It’s tax time. If you’ve already filed and everything was smooth and organized, this article isn’t for you. This is for those currently digging through piles of records and unorganized receipt folders, promising themselves to be better prepared for the next year. It happens. We’re all human and lead busy lives, especially business owners. Although it may be too late to save you from yourself this year, now is the time to get organized for next. Here’s how:
#1 Organize Your Records- All Year Round
By setting up a filing system right from the start, you can bypass the headache. A great approach is to invest in accounting software. Your checking accounts can be linked to the software, cutting down on data entry. Those financial records can also be linked with whichever tax preparation software you use, which shortens the time it takes to file a return.
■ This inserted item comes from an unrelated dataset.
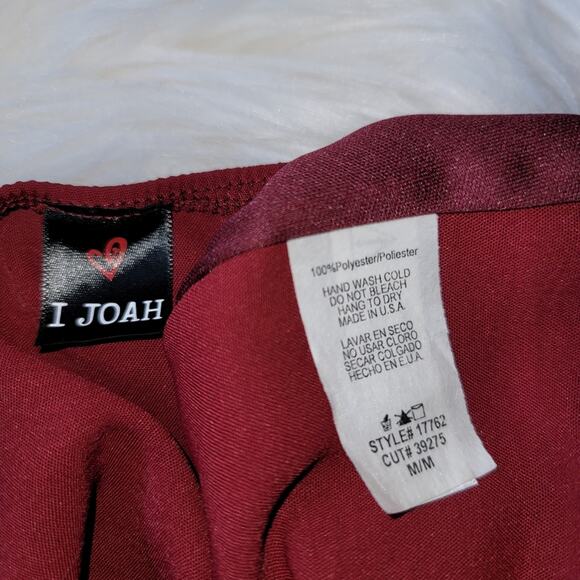 I Joah Flowy Top, Size Medium Wine, Burgundy NEW Camisole Strappy Top - Picture 8 of 11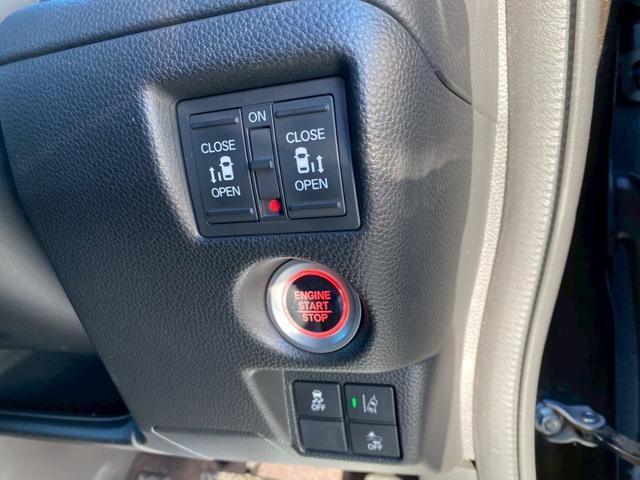 Ｎ－ＢＯＸカスタム Ｇ・Ｌターボホンダセンシング　冬タイヤ付き　エンジンスターター　クルーズコントロール　車線逸脱　ＥＴＣ　ＡＢＳ　純正ナビ　バックモニター　両側スライド（19枚目）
Another reason for keeping good records: Owners need to provide financial numbers for potential lenders or investors.
#2 Know Your Deductions
There are often missed deductions which are associated with home offices, meals/entertainment and travel. Track all of these things closely throughout the year as they can be huge for a small businesses owner who is usually always working. See the NFIB’s resource on Commonly Missed Deductions. Also, check out Section 179 Deduction for a clear idea of what else you can deduct. Tax laws are complicated, but a tax professional can identify tax breaks and deductions you might otherwise miss.
#3 Hire an Accountant Now
An accountant or CPA can keep you on track, answer any questions and provide you with information and resources. Ask yourself how much your time is worth. If you get an accountant to take care of time-consuming tasks like finances and taxes, it’s likely they will cost less per hour than you would pay yourself. This will free up your extra time to run your business and generate revenue.
#4 If You Owe
Despite all of the diligent work in preparing your tax returns, you may still have a hefty bill to pay state and Federal agencies. Our clients have discovered that there are many uses for extra cash in the spring season. One is tax payments, while others relate to potentially tax deductible facility upgrades, new equipment, payroll, and more. Feel free to call us, if we may be of assistance to you for funding.
As with anything to do with the government or taxes — if you really want to stay-top of this information, meet with your tax advisor and frequently check for updates on IRS.gov.